▶ **Aim of the exercise**
The line containing "Football Match Compétition" marks the start of the required copy, which runs to the final line of the entries; return those lines exactly, without any pictures.

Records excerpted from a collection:
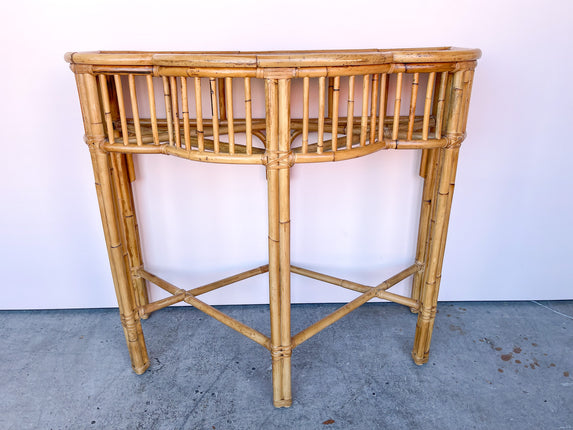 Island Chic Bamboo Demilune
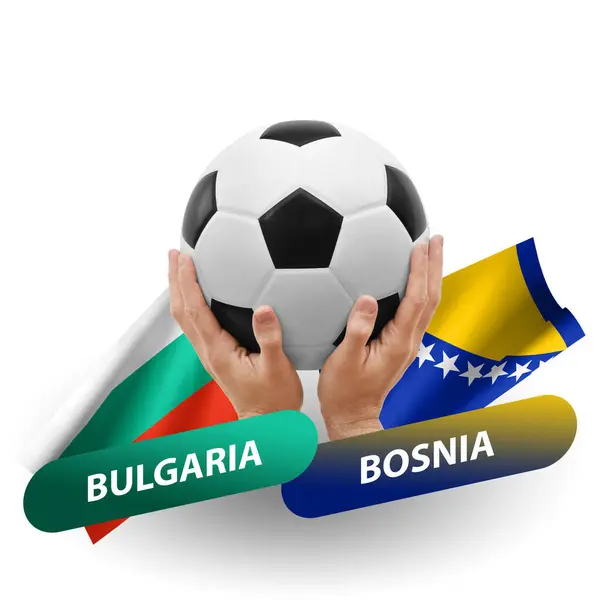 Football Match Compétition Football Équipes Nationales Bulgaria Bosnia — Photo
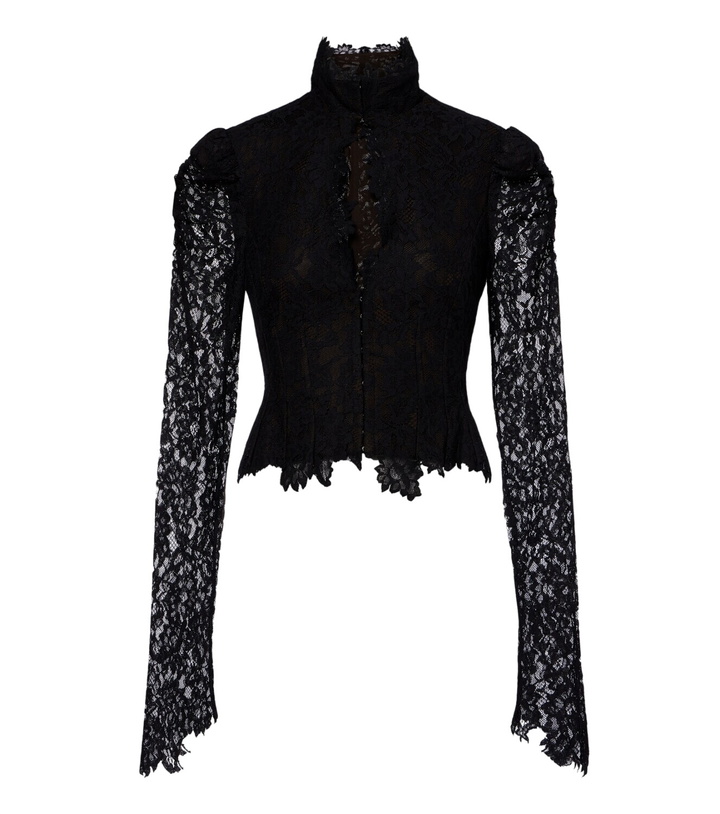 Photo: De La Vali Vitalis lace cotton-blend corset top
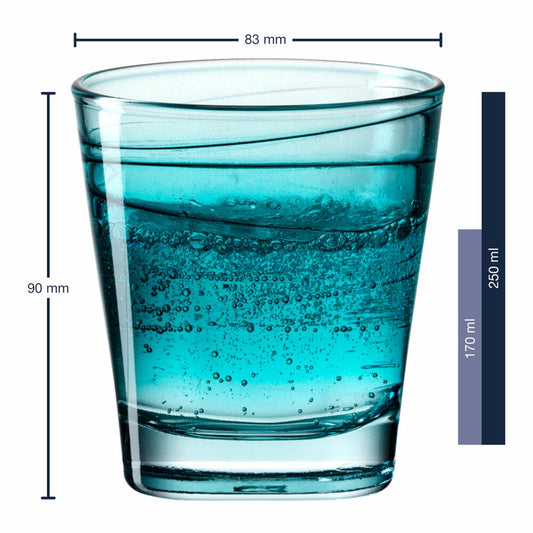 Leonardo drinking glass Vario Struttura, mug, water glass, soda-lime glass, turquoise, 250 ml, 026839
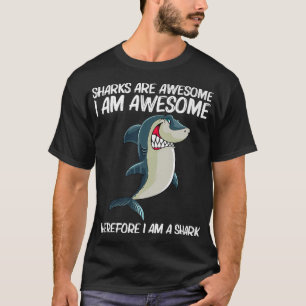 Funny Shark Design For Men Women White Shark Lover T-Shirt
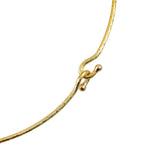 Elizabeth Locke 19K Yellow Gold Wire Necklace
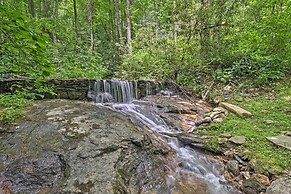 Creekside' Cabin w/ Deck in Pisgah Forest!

▶ **Problem solution**
 Football Match Compétition Football Équipes Nationales Bulgaria Bosnia — Photo
 Photo: De La Vali Vitalis lace cotton-blend corset top
 Leonardo drinking glass Vario Struttura, mug, water glass, soda-lime glass, turquoise, 250 ml, 026839
 Funny Shark Design For Men Women White Shark Lover T-Shirt
 Elizabeth Locke 19K Yellow Gold Wire Necklace
 Creekside' Cabin w/ Deck in Pisgah Forest!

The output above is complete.